Book Review - Carthage Must Be Destroyed - by Richard Miles

It's been a while since I've posted a book review here! Or at least a *new* book review, as opposed to revisiting a couple of older ones that I just had never posted here.

For those of you who love ancient history, Carthage Must Be Destroyed is right up your alley. Especially if you're a big fan of studying the Roman Empire (as opposed to being a big fan *of* the Empire, because that would be wrong).

Some of the major series of events in the early Roman Empire are the Punic Wars with Carthage, the Mediterranean kingdom on the northern coast of Africa that rivaled Rome in power. We've read a lot from the Roman side on these wars, eventually ending in the total destruction of the Carthaginian Empire. But what about from the Carthage side? Just how did this city become so great, and such a prominent feature of the Mediterranean landscape?

Richard Miles goes into a lot of detail about Carthage and how it formed, along with it's long and tempestuous relationship with Rome.

My review of the book is now up on Curled Up With a Good Book (actually, it's been up for a while now, but I'm just now getting to post it here).

From the review:
""Carthage must be destroyed" was uttered by Cato the Elder, a Roman statesman and general who fought in the Punic Wars, and is a fitting title for this book—though one that highlights one of the weaknesses of the book as well.

The book jacket promises that this book is a "full scale history" of Carthage.
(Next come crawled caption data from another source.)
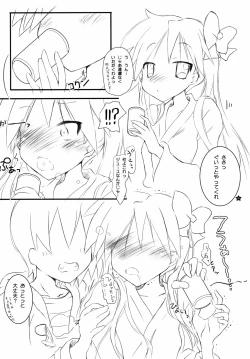 Page 6 of Mikko★Miko 0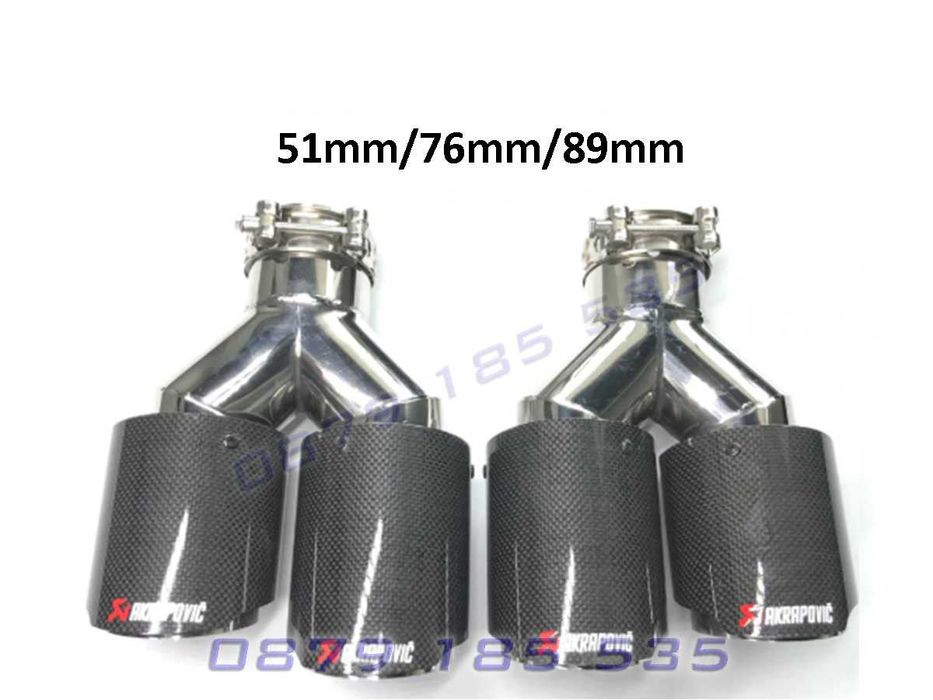 Карбонови накрайници ауспух Akrapovic тунинг ауспуси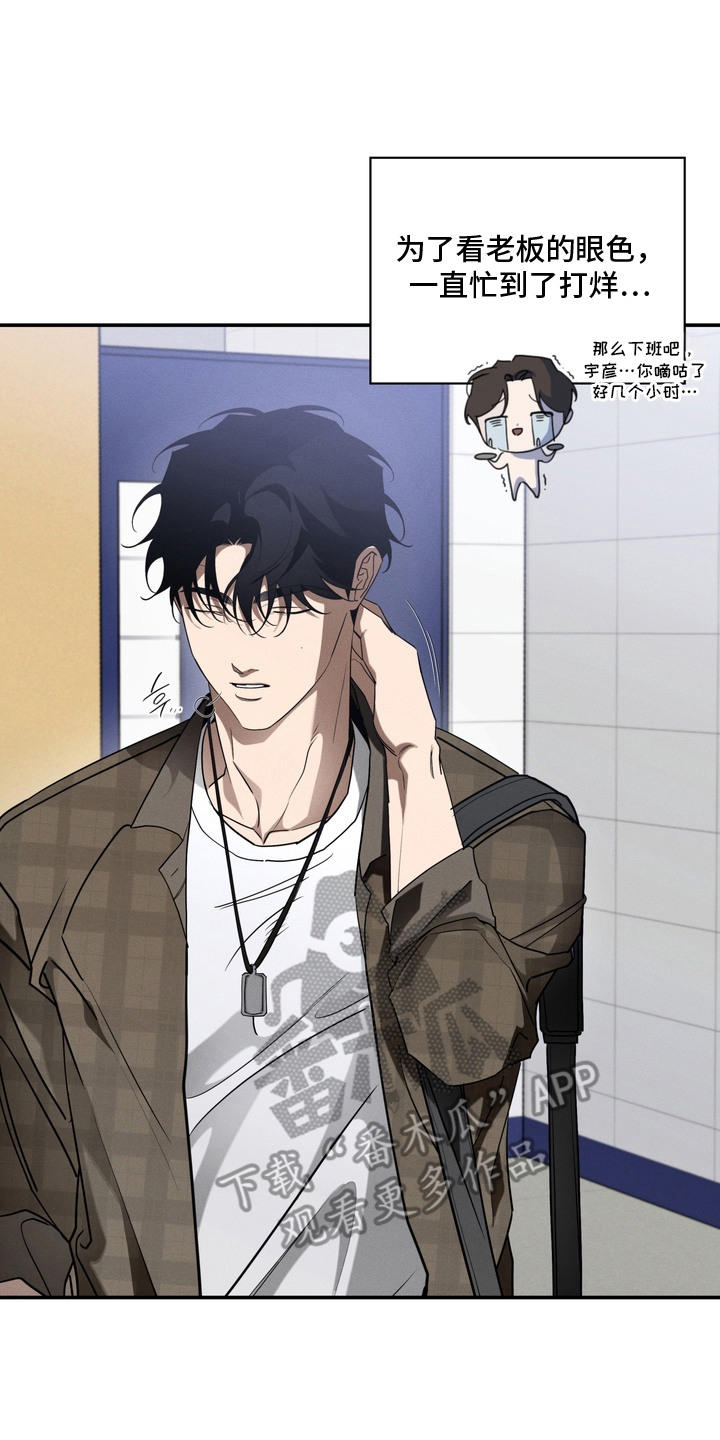 教授请就范漫画,第7章：迟到3图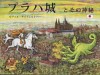 Pražský hrad a jeho tajemství (japonsky)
That's not totally accurate. While Miles does convey a great deal of information about how Carthage was formed as a colony of the Phoenicians but ended up becoming greater than its sire, Carthage Must Be Destroyed is almost entirely about Carthage as an empire, not Carthage as a place to live. We read how it became a great empire in itself, with colonies in modern-day Spain and Sicily, and how this eventually forced them to butt heads with the growing Roman influence in the Mediterranean. It's all about foreign affairs, meaning we learn relatively little about what life in Carthage was actually like. This may be due to a lack of sources and thus may not be Miles's fault. Taken as a whole, however, the book does not come as advertised."
That really is the only problem with the book. So many of the sources are Roman, because the ones from Carthage are pretty much lost, that there really isn't a lot about the day to day life in Carthage that Miles can tell us about.

It does give a blow by blow account of the Punic Wars, what Carthage hoped to achieve, and how they ended up on the sharpened point of history, flailing away until they ceased to exist.

This was interesting to me because it was something I knew a little about but never enough. The fact that it was a huge book (and heavy, so if you're carrying it around, you might want to get the Kindle version) just made more to savor.

If you're interested in the subject, it's definitely a book to check out.